I noticed this when thinking about range and snipers in RPG’s. It’s always a little difficult to be a sniper or to use the full potential of ranged weapons in RPG’s. I wouldn’t say it’s hard enough to stop you doing it, clearly people do it all the time. But the mind must be forced to imagine the space whereas the space around, for instance, a sword fight, springs into being quite naturally in the minds of the participants.
Almost no-one uses the full potential range of bows to their maximum effect in RPGs. Even for a shortbow in LOTFP its 450 feet. Of a lightly encumbered opponent moves 60t per round, that’s 7 rounds of shooting before they get you.
I think the reason this is rarely done is that it feel unnatural to keep saying, “what’s four hundred and fifty feet away?” We don’t imagine the interact-able world in quite those terms.
Of course this may be the reason that we build rooms and halls the shape we do. There are engineering constraints, but even forgetting those we do tend to build similar area’s around ourselves.
There are also giant mech fights. But the whole point of those is that you effectively ‘become’ a big giant robot guy for the period of the fight, so while you are shooting long distances, relative to your current body-scale awareness, they are not that far. About the distance of a bowshot.

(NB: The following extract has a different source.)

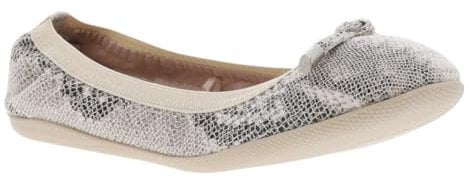 Les Petites Bombes Ballerines, 124032RDH503341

There is also the drama-factor in close-scale combat. Face-to-face fighting unifies tactical and dramatic conflict while modern long-distance fighting seems to anonymise and atomise the meanings of combat.
Have you ever gamed and commonly used extreme ranges, say 400 yards and above? Anyone have any experience of that?
Do you think there is a ‘naturally-imagined’ scale of things around the human body that pop most easily into mind when we imagine characters?
Do you think working in this ‘naturally-imagined’ space makes it easier for groups of differently minded people to collectively imagine the same space in a useful way?